Deputy Davin made various suggestions as to the reason for this Bill being brought in at this time. As I said in moving the Second Reading, we could have two minds about the introduction of such a measure. That was misunderstood or misconstrued by some Deputies in the House to mean that there was a division in the Cabinet. I could myself have two minds about this matter. The two minds were those: whether we were going to ask the House to pass a measure then, as an ordinary precautionary measure, and have it considered calmly here in the House, with no incidents and nothing having happened that might in the ordinary way be considered by some Deputies to be its justification; the other mind might be to take your chance and wait until something had happened. As I said the last day, we took what we call a compromise attitude and this Bill is the result of that compromise attitude.
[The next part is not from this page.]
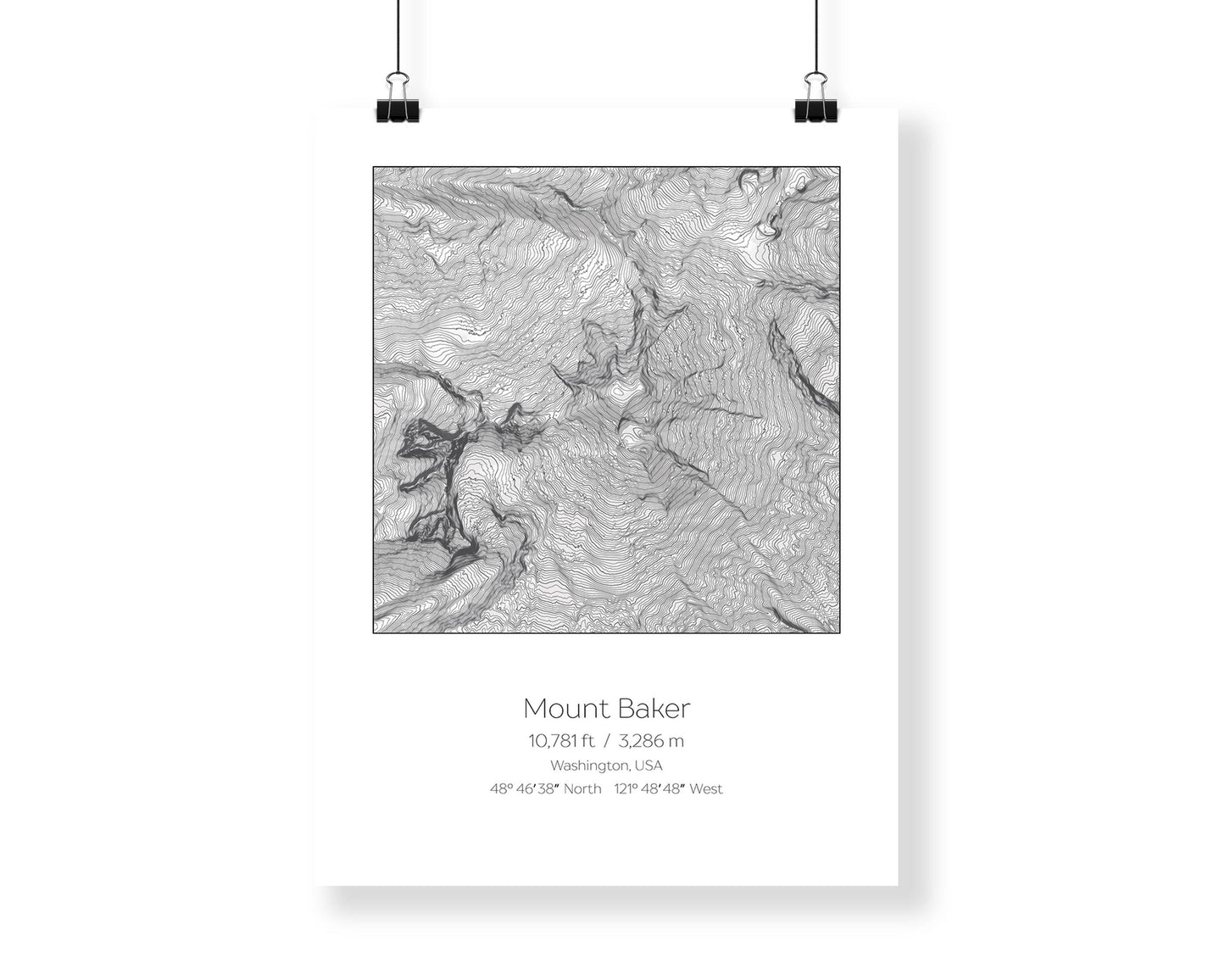 Mount Baker, Washington Topography Elevation Print Wall Art
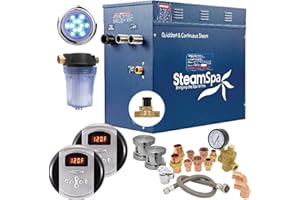 SteamSpa 12kW Steam Sauna Generator Executive Bundle 240V Steam Generator with Touch Pad, Steamheads, Pressure Relief Valve, Built-in Auto Drain, LED Light, Filter and Quick Install Kit EXR1200BN-A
Deputies have emphasised the peace that prevails in the country. We are all pleased with the peace that does prevail in the country and no one should be more pleased than the Government because they claim that their policy helped to secure that peace. We believe that we want a Bill like this to maintain that peace. I know the criticism that has been levelled at those two proclamations. Anybody can make play with them if they want to. If those proclamations emanated from an organisation that had not arms in their hands and war materials at their back perhaps they could be treated as if they were play-acting. We know the position in the country. We know the persons who signed those proclamations and I am not going to accept the view of Deputy O'Higgins when he said that all it meant to him, or might mean to him, was the disappearance of one of two organisations. I would just like to remind him that the organisation that survived and remained was the armed organisation. Does any sensible, reasonable Deputy in this House for one moment believe that those people are play-acting? Does anybody in this House, who knows anything about this country, suggest for a moment or believe for one moment, that those people are not going to act and intend to act on those proclamations? No Deputy, I believe, who has lived in this country and knows the history of this country, has any doubt whatever about it. As I pointed out, we know that these people have arms.

Why do you not get them?

We have got some of them. It is all very easy for people to go around any say, "Get them". We have got some arms in this country but no matter what efforts could be made along those lines, unless you go around foolishly, raiding here and there for them, and creating disturbances in the country, there is not much hope of getting them, at least in considerable quantities. I could perhaps recite various matters that come before my notice in the Department of Justice. I thank Deputy Dillon for appreciating the difficulties that exist towards disclosing that information, and I want at once to say that that information at the moment is not of a terribly serious character, but it is sufficient at least to indicate to any responsible Minister or to any responsible Government that, if the situation is not dealt with, then it is going to be a serious situation.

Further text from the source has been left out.